Data is cool. First, its very name is both singular and plural, like sheep or fish. (And don’t get all grammatical on me, you datum-is-singular apologists.) Second, it’s so definitive – something is 57% or it isn’t. Pi is 3.14159-etc. Sure, you can argue about the data gathering, integrity, interpretation and the like. But, at least you are arguing about the objective, rather than the subjective.
But, what I really like about data is what it reveals about all things measured. It’s in that vein that I’ve been picking up a few interesting recent developments about data, measurement, and the public sector.
First, I read a really good write-up about website measurement in the Google Public sector blog. It’s a really nice case example of data analytics 101 for a website. And, just like the writer, I have had that same giddy feeling when reviewing data from a website’s traffic and other stats.

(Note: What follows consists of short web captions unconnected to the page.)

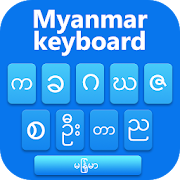Myanmar keyboard 2020 : Myanmar Language Keyboard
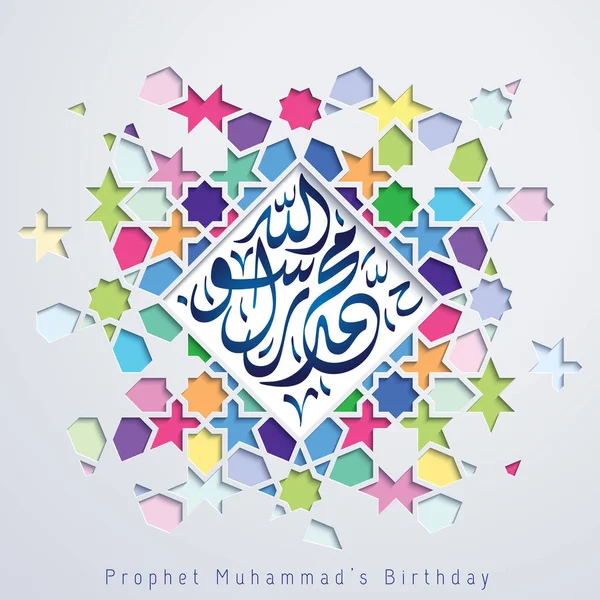 Saludo Islámico Mawlid Nabi Con Caligrafía Árabe Patrón Colorido — Vector de stock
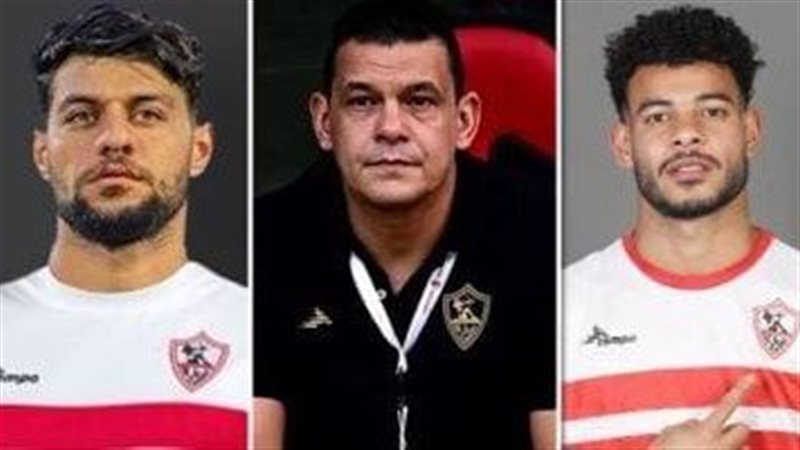ثلاثي الزمالك
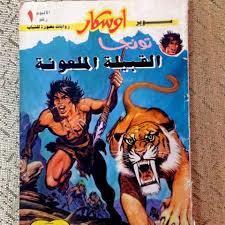 القبيلة الملعونة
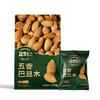疆果乐五香巴旦木225g 商品缩略图1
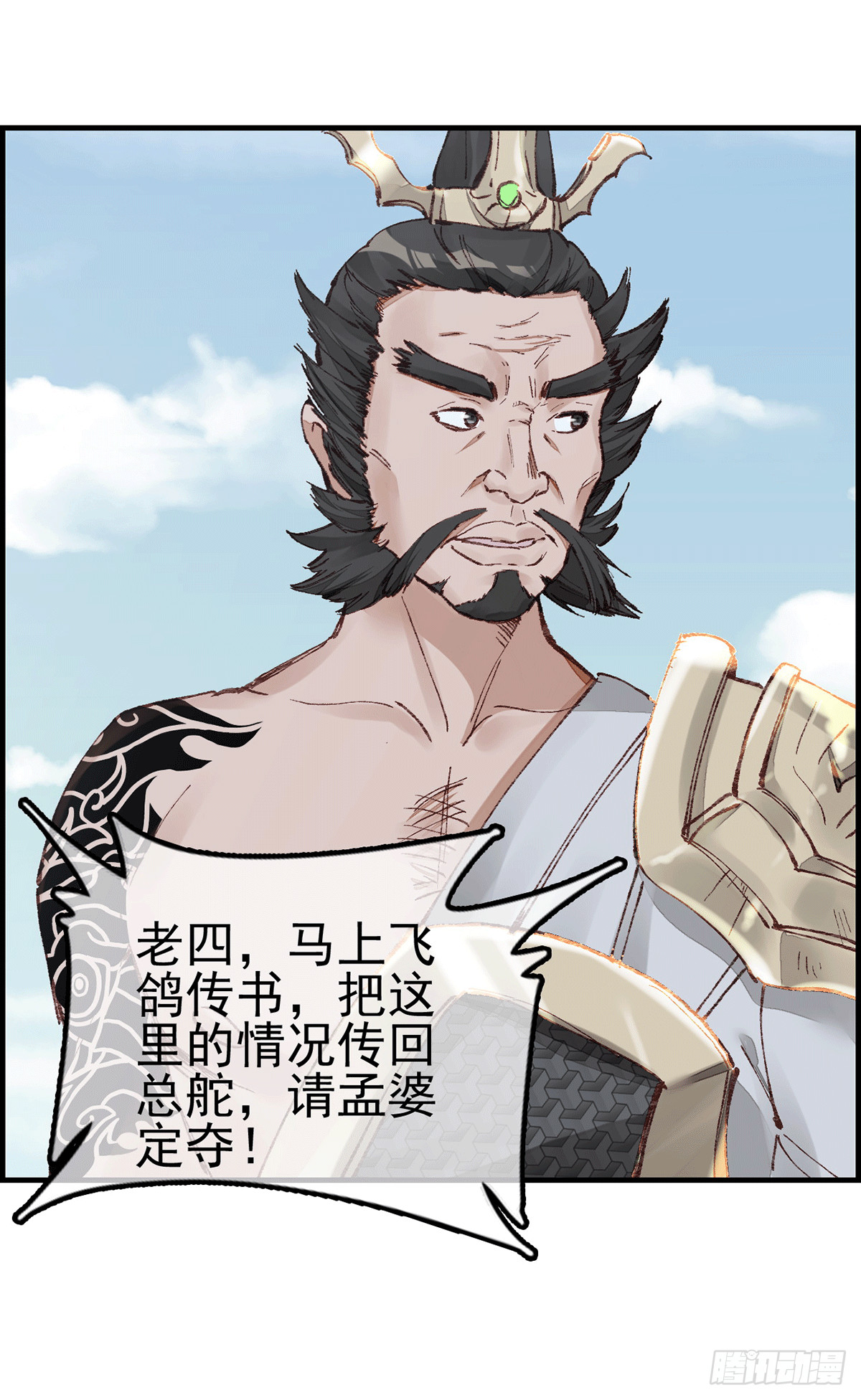 畫江湖之不良人 官方授權漫畫 - 對眼兒(1/2) - 3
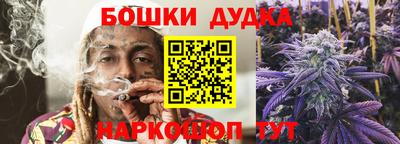 дживик Комсомольск-на-Амуре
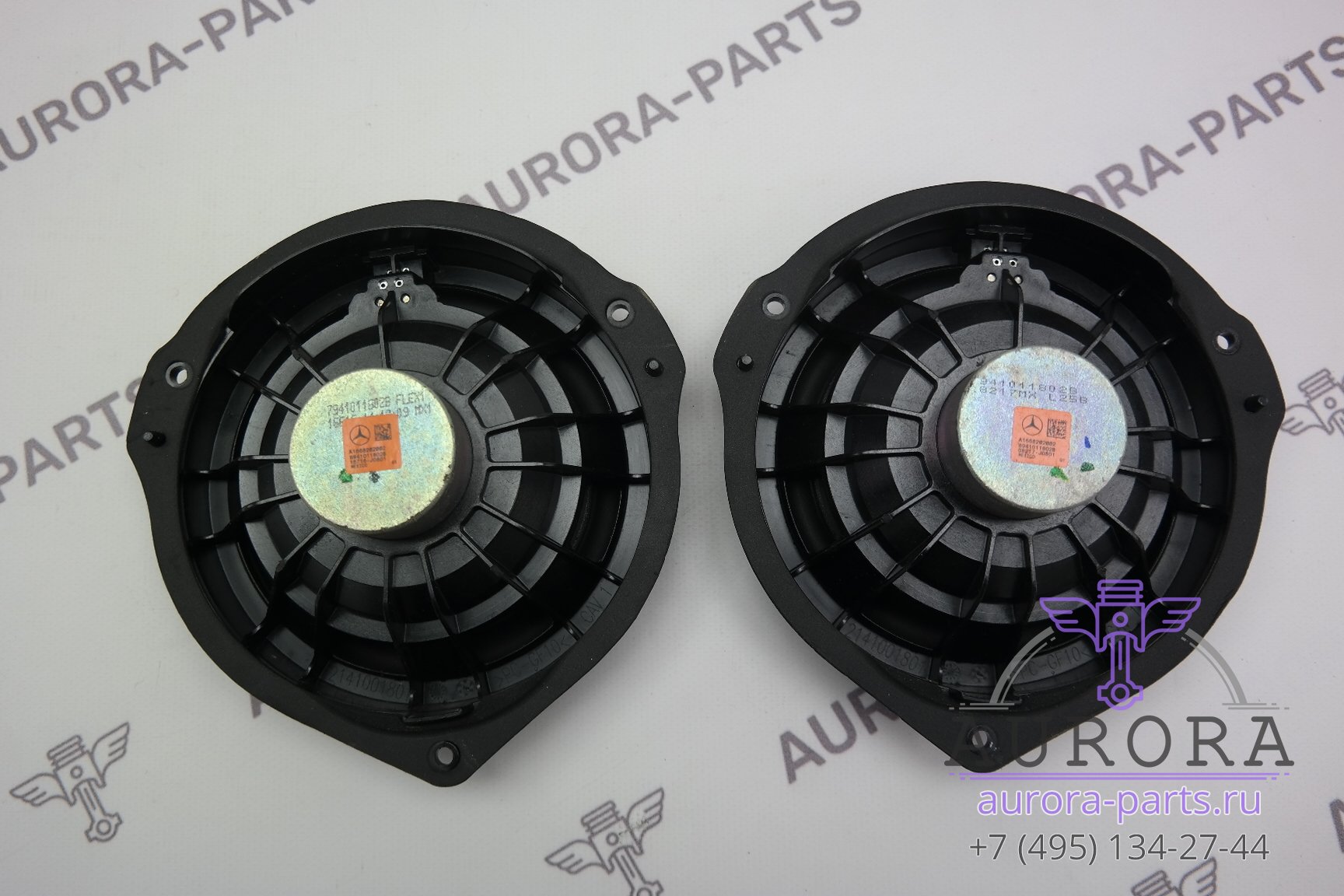 Комплект акустики Harman Kardon (13 динамиков, сабвуфер + усилитель)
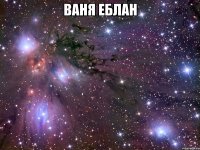 ваня еблан 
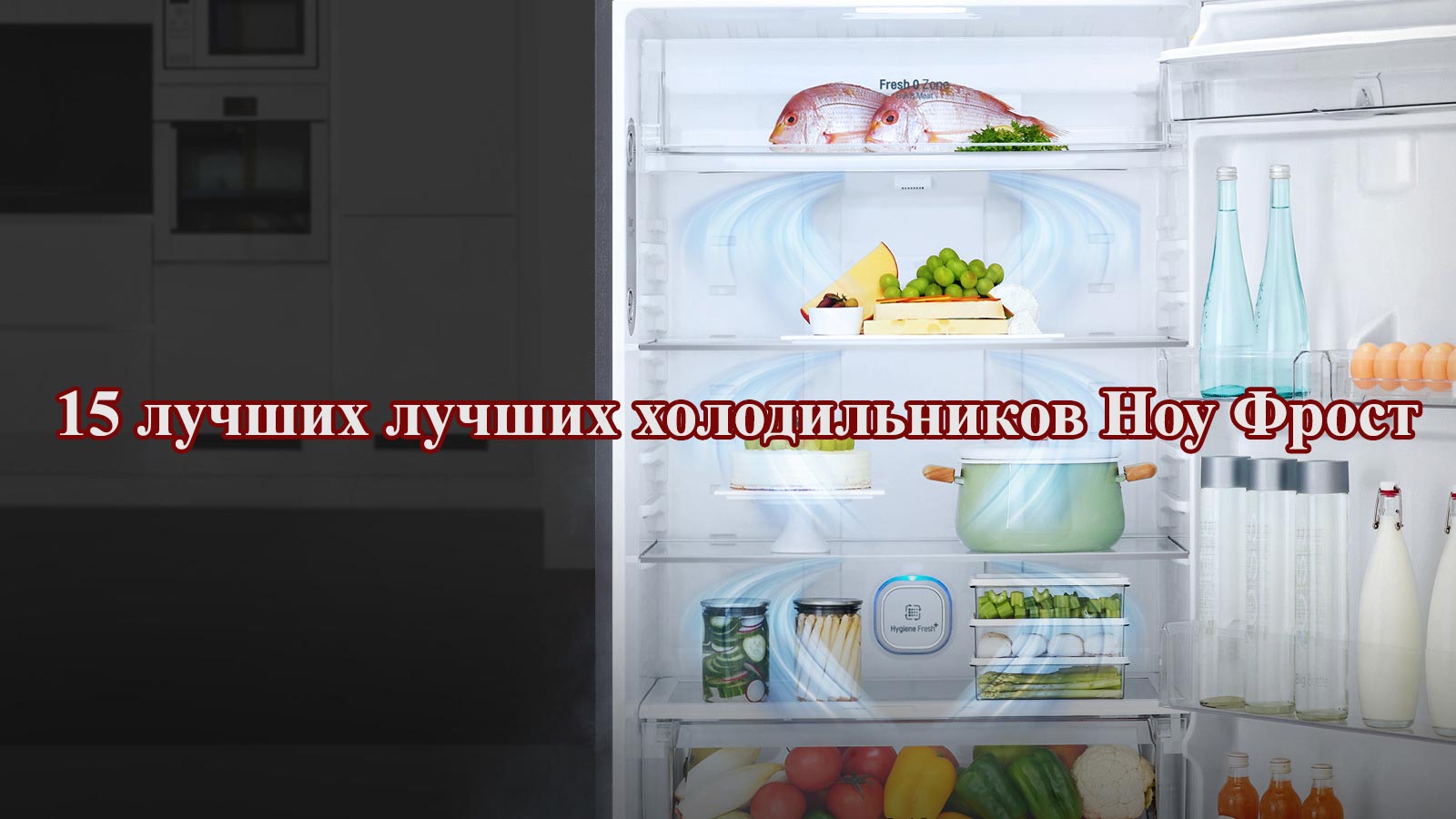 15 лучших лучших холодильников Ноу Фрост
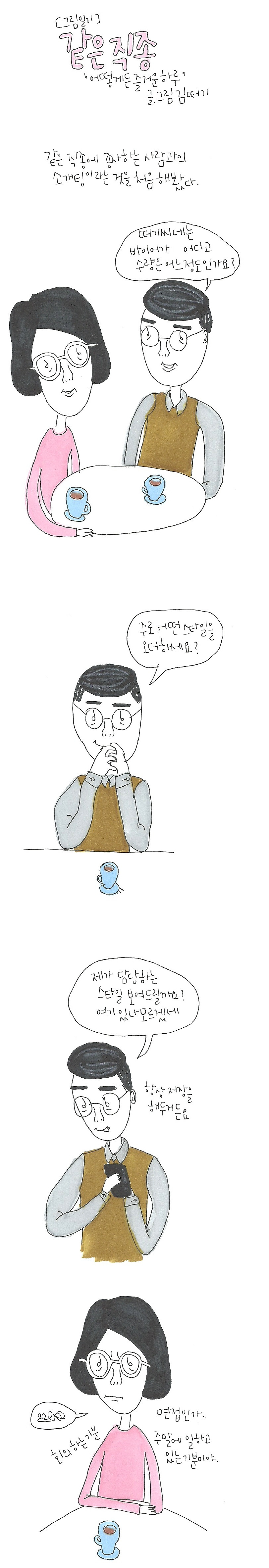 20170329 같은 직종.jpg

Second, there was a good write-up about the social media side of data gathering and measurement in InformationWeek. It discusses the CIA’s investment in the social media monitoring from Visible Technologies. Good stuff, but not especially unique – you can get listeners, monitoring, and semantic trending built into nGenera’s collaboration server right now.
Third, we just published our 2010 research agenda for nGenera’s Government Insight program and are excited about some of the research vectors we intend to explore. In the major topic area of “Leading in the age of unbounded data,” we expect to cover into listening, massively customized analytics, orchestrating, and methods for reaching beyond stereotypes.
Content may be king, but data is the kingmaker. If you haven’t done so in a while, I recommend you brush up on the latest in data analytics, visualization and simulation. In a world awash in data, the ability to interpret and apply it in real-time will be increasingly a critical success factor differentiating between market leaders and followers, whether they be public or private sector.